A TV Globo exibiu, sob iminência de morte de seu funcionário seqüestrado, o comunicado do PCC, concernente à situação dos presidiários em São Paulo. Denuncia sua exposição o tratamento que viola a garantia dos direitos humanos assegurada pela Carta Magna. Indo ao ar dentro desta ameaça-limite, o documento se caracteriza como peça jurídica, mantida no estrito rigor de um requisitório dos tribunais, e cobra o respeito, nas cadeias de São Paulo, à integridade física e psicológica do detento.


 


Aí estão os tropeços do texto, como o de confundir ilusionismo com iluminismo, já que o documento se quer vinculado às raízes históricas da proteção do indivíduo na Revolução Francesa. Não importa que a redação venha dos advogados dos prisioneiros. O significativo é o quanto o pleito, em condições ímpares de audiência nacional, não foi aos desgarros da violência, nem das ameaças, nem do destempero verbal, facilitado pela ocasião inédita do PCC, para sensibilizar a opinião pública.


 


O secretário de Segurança de São Paulo tentou em vão sofrear a publicação, pelo sistema Globo, mesmo que custasse a vida de Portanova, o seqüestrado. Repetiu o óbvio argumento, da gravidade do precedente e das reações em cadeia que poderia deflagrar.

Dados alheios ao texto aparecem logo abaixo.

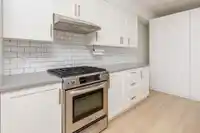11 15588 32ND AVENUE - thumbnail 6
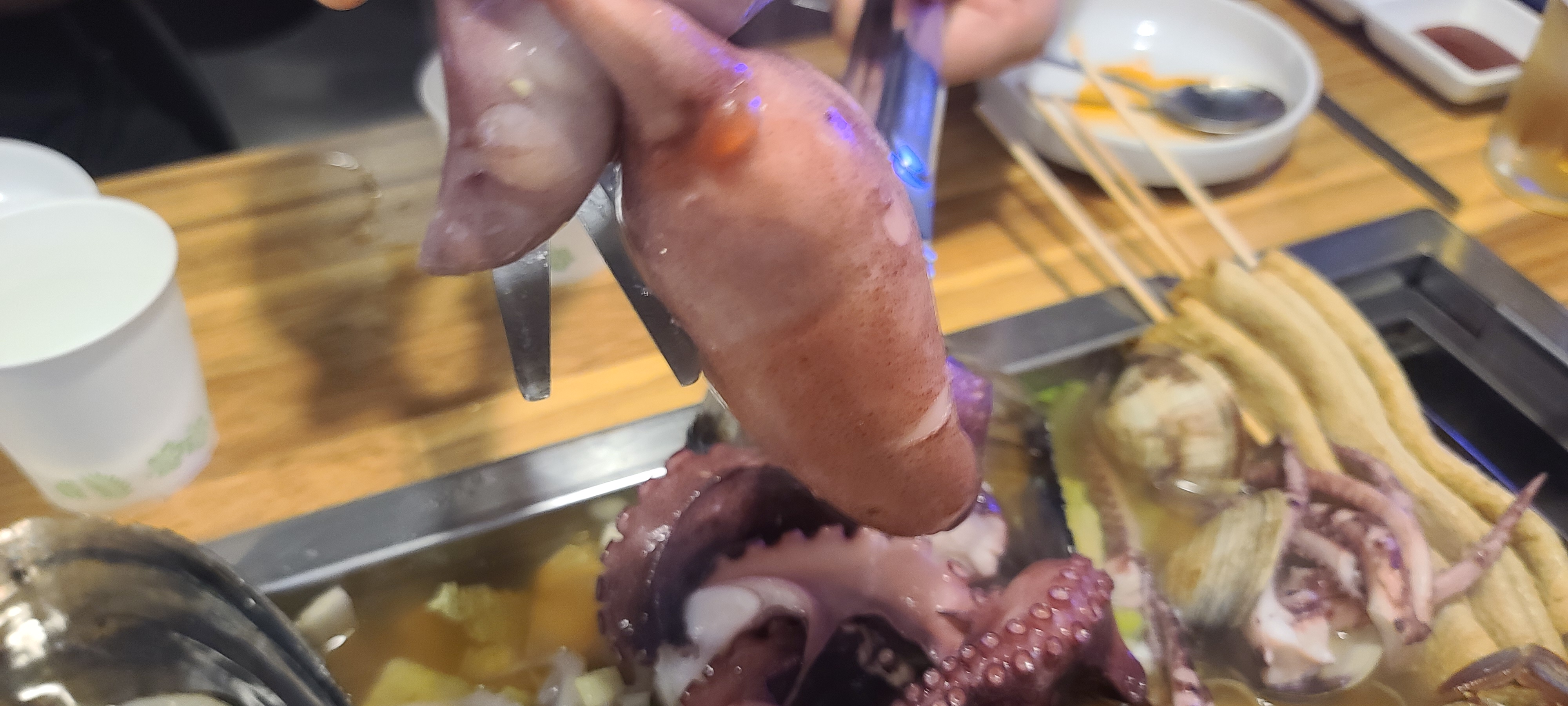 바다수퍼 해물천하 조개구이 성남맛집 단대오거리점 기력보충 시원한내부 바다인테리어 국물조개찜 통문어 통오징어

Mas a verdade é que o comunicado ficou nos limites do exercício do direito do cidadão, de que não se priva qualquer brasileiro, em qualquer condição, no quadro da Carta Magna.


 


Nos mesmos dias, exatamente em situação similar, o Tribunal Regional de Justiça de São Paulo declarou exatamente a inconstitucionalidade dos preceitos legais, que reinauguraram, como instrumento de ameaça generalizada ao crime, o novo rigor das detenções dos internamentos solitários impostos a criminosos pela sua conduta nos presídios. Com efeito, o que se faz mister é impedir que a lei acolha o crescendo das retaliações como estrita resposta ao extremo assumido pela violência urbana no país.


 


O belicoso secretário de Segurança de São Paulo tomou conhecimento do conteúdo do texto, que quis banir à custa da morte de Portanova? Ou a escalada entre o PCC e a polícia de São Paulo entrou no terreno calcinado dos taliões e dos próximos massacres entre o aparelho de segurança e a precisão das máfias detentas em todo comando de sua comunicação eletrônica? No novo quadro limite em que a violência se transformou em dividendo inevitável da desordem da urbanização brasileira, não é dentro dos jogos serôdios da intimidação pela lei horrenda que sairemos do pânico continuado nas megalópoles brasileiras.


 


Inquieta nesse mesmo aspecto que, no óbvio das bulas, o Alckmin só venha, na sua campanha, a pedir mais do medo, ou seja, da ameaça punitiva - porque há leis hediondas como crimes hediondos - para em vão tentar desencorajar o bandido antes do novo assalto. A nitidez da fala do Judiciário - espera-se - veio a tempo, para frear a ladeira da retórica e da falsa boa consciência, no enfrentar uma condição social, de marginalidade, e destruição, chegada à abominação de Marcola e seus sequazes.


 


O encapuzado do PCC, na televisão, na história do nosso terror, abre uma etapa inesperada para que a confiança no Estado de Direito não seja um privilégio do Brasil, do lado de fora das prisões de segurança máxima - e do sufoco da vida de seus detentos.